I recently recorded a podcast about the value and process of smart goal planning for your agency. I know you’re crazy busy with the day to day. I get that you never have more than 10 minutes uninterrupted.  Which is why you absolutely MUST carve out time to put together a plan for where you want your agency to go and how you’re going to get there.

But before you do that – I want to encourage you to also think a about your own life goals and why you’re working so hard.

As part of the podcast, I walk you through two documents – The Life Plan and the One Page Business Plan.  

In the Life Plan, you’ll get very clear about what you want from your life, the legacies you want to leave and some tangible steps for creating a life of purpose and contentment.

With the One Page Business Plan, you’ll identify the #1 goal you have for your agency in six key areas and prioritize those goals so you know which one to tackle first.

I promise if you use these two documents, you’ll be stunned at what you will accomplish over the next twelve months.
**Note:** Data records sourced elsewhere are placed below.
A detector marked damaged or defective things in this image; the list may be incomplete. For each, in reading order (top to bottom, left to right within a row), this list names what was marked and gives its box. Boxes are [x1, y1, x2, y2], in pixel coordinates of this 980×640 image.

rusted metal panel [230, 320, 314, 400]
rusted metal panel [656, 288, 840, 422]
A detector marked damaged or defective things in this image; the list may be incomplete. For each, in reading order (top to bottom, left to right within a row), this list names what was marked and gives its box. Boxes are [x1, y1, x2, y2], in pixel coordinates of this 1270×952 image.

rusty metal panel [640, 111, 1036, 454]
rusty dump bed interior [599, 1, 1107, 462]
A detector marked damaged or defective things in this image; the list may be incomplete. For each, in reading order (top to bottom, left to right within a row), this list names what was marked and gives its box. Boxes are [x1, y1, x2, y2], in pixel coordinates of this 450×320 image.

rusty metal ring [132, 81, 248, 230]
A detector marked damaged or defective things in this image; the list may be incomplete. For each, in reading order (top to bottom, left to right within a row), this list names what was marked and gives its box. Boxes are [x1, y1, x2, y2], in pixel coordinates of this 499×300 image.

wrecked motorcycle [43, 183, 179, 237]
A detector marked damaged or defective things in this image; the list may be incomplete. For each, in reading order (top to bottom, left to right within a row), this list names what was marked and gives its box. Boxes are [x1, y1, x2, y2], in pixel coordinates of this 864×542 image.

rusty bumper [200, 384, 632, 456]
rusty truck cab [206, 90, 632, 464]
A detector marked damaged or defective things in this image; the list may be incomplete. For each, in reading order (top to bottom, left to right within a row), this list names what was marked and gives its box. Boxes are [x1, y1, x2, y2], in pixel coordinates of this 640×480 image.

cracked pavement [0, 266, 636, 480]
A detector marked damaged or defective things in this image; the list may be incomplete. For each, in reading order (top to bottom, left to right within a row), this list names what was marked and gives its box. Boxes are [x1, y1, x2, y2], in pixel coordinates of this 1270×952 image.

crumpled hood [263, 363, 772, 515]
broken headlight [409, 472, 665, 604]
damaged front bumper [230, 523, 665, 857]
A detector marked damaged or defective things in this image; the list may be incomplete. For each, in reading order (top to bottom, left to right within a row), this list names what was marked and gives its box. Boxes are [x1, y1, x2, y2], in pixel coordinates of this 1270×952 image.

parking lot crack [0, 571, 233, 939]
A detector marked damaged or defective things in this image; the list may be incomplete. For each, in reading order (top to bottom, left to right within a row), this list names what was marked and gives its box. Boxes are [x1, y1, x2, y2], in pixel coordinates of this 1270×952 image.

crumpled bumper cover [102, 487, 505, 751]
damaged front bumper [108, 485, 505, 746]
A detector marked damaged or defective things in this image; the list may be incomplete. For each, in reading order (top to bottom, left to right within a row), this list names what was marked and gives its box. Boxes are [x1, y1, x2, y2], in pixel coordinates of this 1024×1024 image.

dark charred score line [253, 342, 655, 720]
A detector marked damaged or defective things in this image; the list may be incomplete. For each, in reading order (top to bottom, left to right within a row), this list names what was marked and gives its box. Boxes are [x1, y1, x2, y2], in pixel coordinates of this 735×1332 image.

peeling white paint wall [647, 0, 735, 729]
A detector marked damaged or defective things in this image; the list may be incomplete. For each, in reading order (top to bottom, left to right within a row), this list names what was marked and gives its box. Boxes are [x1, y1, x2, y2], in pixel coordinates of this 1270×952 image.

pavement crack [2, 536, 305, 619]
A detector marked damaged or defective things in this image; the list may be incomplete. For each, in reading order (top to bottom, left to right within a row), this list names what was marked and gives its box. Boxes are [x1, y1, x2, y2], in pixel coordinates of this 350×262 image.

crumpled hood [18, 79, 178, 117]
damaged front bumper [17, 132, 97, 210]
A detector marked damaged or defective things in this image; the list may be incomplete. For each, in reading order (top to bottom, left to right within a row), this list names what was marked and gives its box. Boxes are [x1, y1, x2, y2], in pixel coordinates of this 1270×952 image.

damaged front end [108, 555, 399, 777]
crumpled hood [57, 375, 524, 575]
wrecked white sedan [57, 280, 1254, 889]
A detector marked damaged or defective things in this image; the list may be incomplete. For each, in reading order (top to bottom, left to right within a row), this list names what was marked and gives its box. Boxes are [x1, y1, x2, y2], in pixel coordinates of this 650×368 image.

Just like you tell your clients – the lack of smart goal planning is a plan, just not a very good one. Take this opportunity to get very clear on where you want to take your agency and why.

Drew McLellan is the Top Dog at Agency Management Institute. He has also owned and operated his own agency over the last 20-years. And all through the year, he straddles the fence of working in his agency and working with 250+ small- to mid-size agencies in a variety of ways. He works with agency owners in peer network groups, teaches workshops for owners and their leadership teams, teaches AE bootcamps, and does a lot of consulting. He has also written two books and been featured in The New York Times, Entrepreneur Magazine, and Fortune Small Business. The Wall Street Journal called his blog “One of 10 blogs every entrepreneur should read.”

To listen – you can visit the Build A Better Agency site (https://agencymanagementinstitute.com/drew-mclellan-solocast-episode-2/) and grab either the iTunes or Stitcher files or just listen to it from the web.  

If you’d rather just read the conversation, the transcript is below.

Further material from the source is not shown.